EN UN REINO DE NUBES
Como todos los pueblos de Atitlán, Santiago muestra su apego al sentir maya por medio del festival de colores que ofrecen sus tejidos. De camino a la iglesia, las calles están inundadas de tiendas que exhiben todo tipo de prendas, desde rebozos a faldas, cinturones, y pantalones, a huipiles (blusas) y cintas para el pelo. Cada color y diseño distingue a una etnia, pueblo, clan y familia.
En Santiago los pantalones de los hombres suelen ser blancos y las mujeres se enroscan alrededor de la cabeza, a modo de aureola, una larga cinta roja. Con la llegada del turismo, los beneficios que esa mercadería comporta ha propiciado la aparición de todo tipo de artesanía, básicamente la talla de madera.
Pero ni máscaras ni figurillas tienen el inspirado ingenio de lo que nos espera en la iglesia del pueblo.
Tras franquear su encalada fachada, en el interior de la iglesia de Santiago nos encontramos con una escenografía que despierta admiración y escalofríos. Los santos parecen cobrar vida en esas líneas tan arcaicas e imaginativas de su talle y composición. Jesucristo, la Virgen, y los Ángeles del cielo, están ahumados de tiempo y pesar, y las velas que danzan en pasillos y altares alumbran un tiempo pasado que se agita y pide justicia y valor.
Cuando la luz cegadora de la tarde me rescata de las tinieblas del templo, la mano de un muchacho me intercepta el paso y no sé qué hacer ni mucho menos qué decir. Me lleva a la cantina, a la cantina de doña Yola.
Los doce pueblos del maravilloso lago Atitlán bailan en un reino de nubes (¿o será en mi cabeza?); y ahora que destruyo con un nuevo y potente aguardiente la hora de la partida, la cantinera Yola escucha con gran emoción el antiguo canto de un conquistador muerto cuando Dios se olvidó del tiempo:
“…Si supieras cuánto te quiero, volcán de agua. Estando muy lejos, me ha bastado cerrar los ojos para sentir tu aliento. Y luego, cuando te vas borrando, mi Atitlán, sigo las huellas de tus pies alados. Padre y señor mágico, deja en Guatemala mi ternura detrás de tu oreja. Como una pequeña y olvidada flor blanca…”.
Fotos Ramón Villeró y Oriol Pugés
POBLACIÓN. En el lago Atitlán viven 3 de los 20 pueblos mayas de Guatemala: los cakchiquel, quiché y tzutuhil. El lago tiene 12 pueblos, siendo el más grande Panajachel que reúne, además de los mejores hoteles, todos los servicios de la zona.
QUÉ VER
San Jorge La Laguna. Tienen su propio Maximón.

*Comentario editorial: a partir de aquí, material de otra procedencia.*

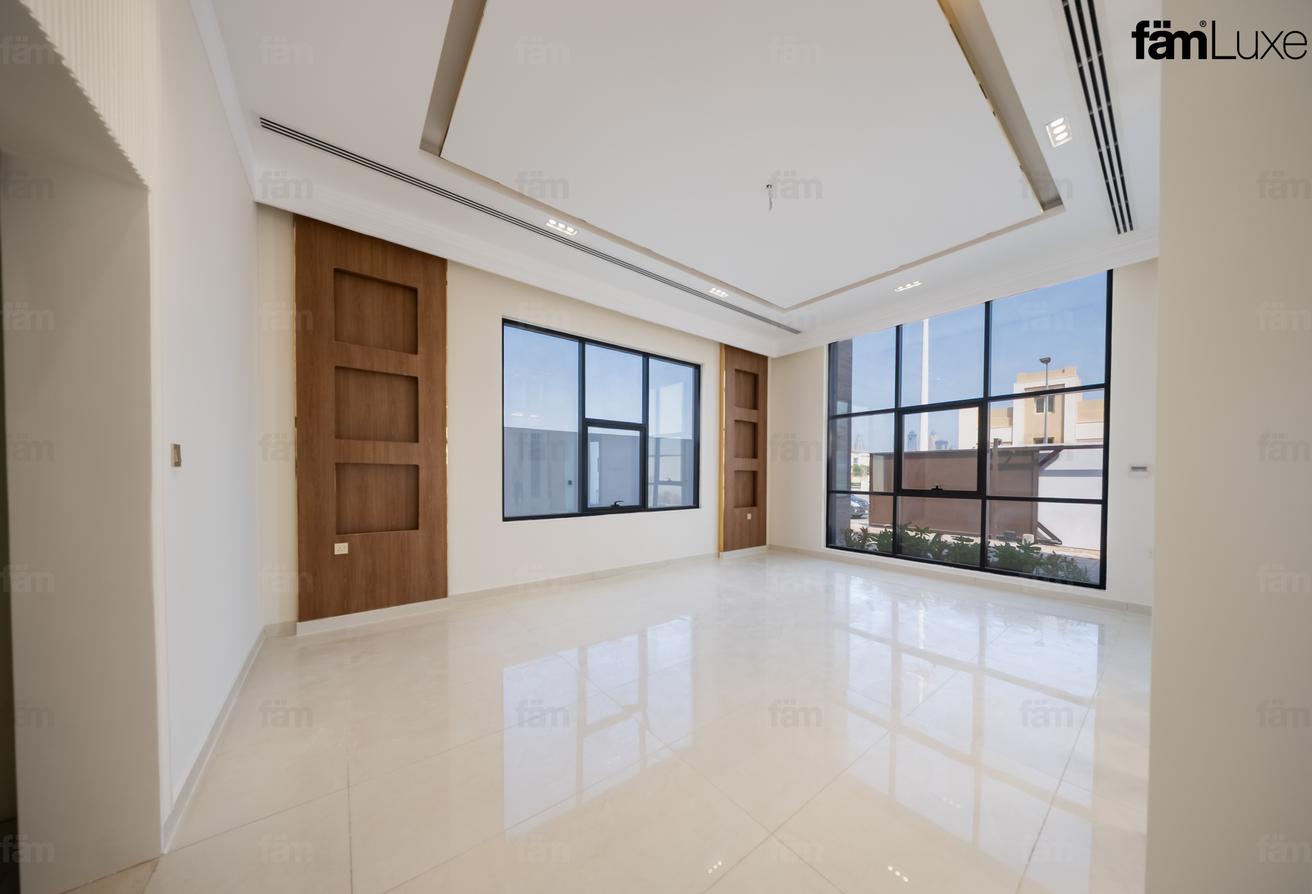 Suburban villa for family, easy access to the city photo 16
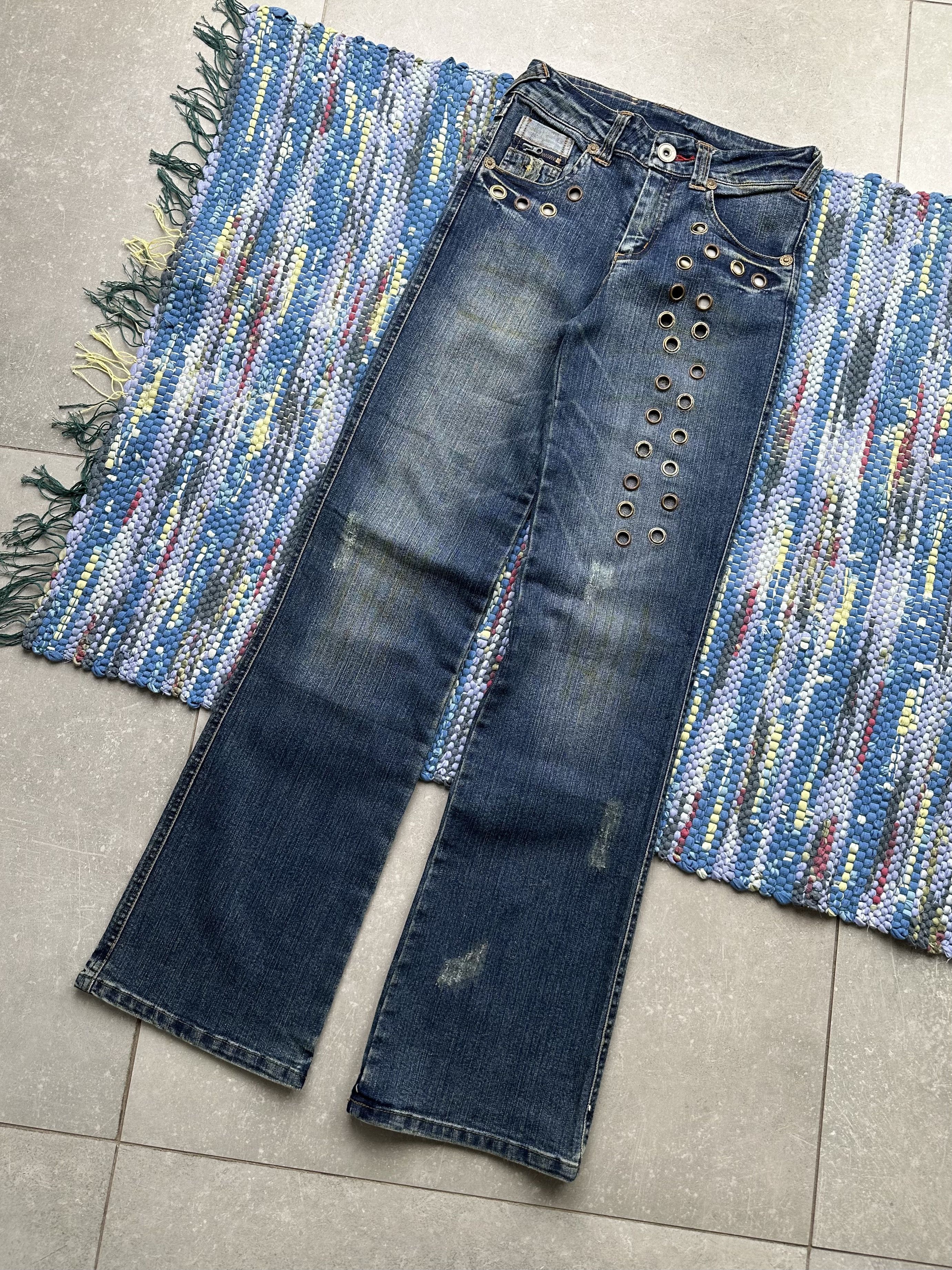 image of Avant Garde x Vintage Flare Jeans in Blue, Women's (Size 24)
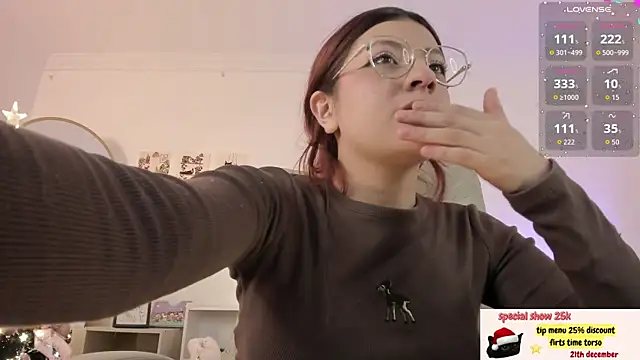 Snapshot of emily_uwu0 chatting on December 16, 2025, 1:43 am emily uwu0 online show from December 16, 2025, 1:43 am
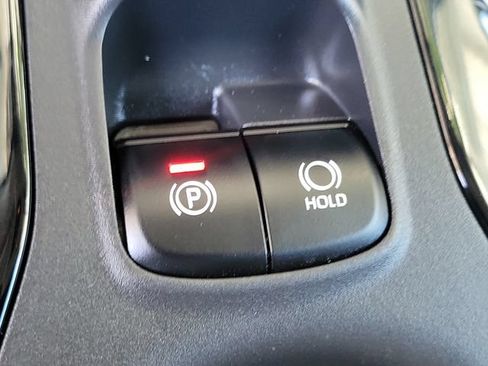 Used 2024 Toyota Corolla Cross XLE w/ Convenience Package FWD image 18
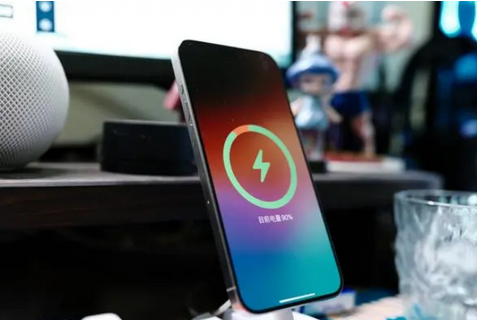 墨玉苹果15换屏服务分享用什么充电器给iPhone15充电更好 
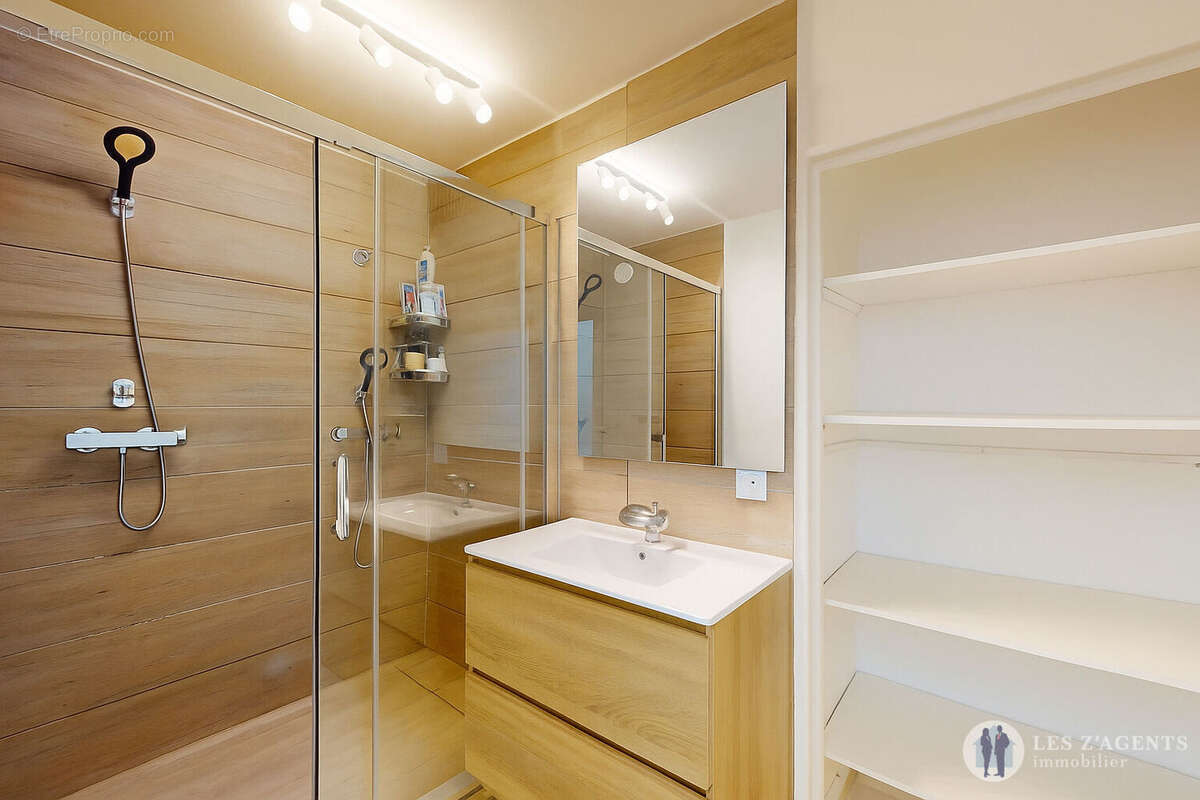 Appartement à FONTAINE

Panajachel. Aquí encontrará las lanchas públicas que conectan todos los pueblos de las orillas.
Santa Catarina Palopó y San Antonio Palopó.
San Lucas Tolimán.
Santiago Atitlán. Es la pequeña capital de la región tzutuhil. Excelente artesanía. Maximón, divinidad local y la iglesia, son grandes atractivos turísticos.
San Pedro La Laguna. Se parece mucho a Santiago. Tiene el mismo sabor indígena.
San Juan La Laguna.
San Pablo La Laguna. Conserva su homogeneidad en sus casas, construidas con adobe y cubiertas de paja trillada. Especialidad: confección de cordeles.
GASTRONOMÍA
Pescado del Lago Atitlán. Hay dos especies: perca americana y mojarra. Los mejores restaurantes y hoteles de Panajachel ofrecen una amplia variedad de especialidades locales, a base de carne de res, pollo, cerdo o marisco, acompañado de arroz, frijoles fritos, tortillas de maíz y tamales.
ARTESANÍA
La del lago es de las más variedad y ricas del Altiplano guatemalteco. Panajachel, Santiago Atitlán y Santa Catarina Palopó tienen las mejores y más variadas ofertas. Típicos son los tejidos mayas: huipiles, faldas, cinturones, cintas de pelo… Tallas de madera (figuritas, máscaras…) también tienen su interés.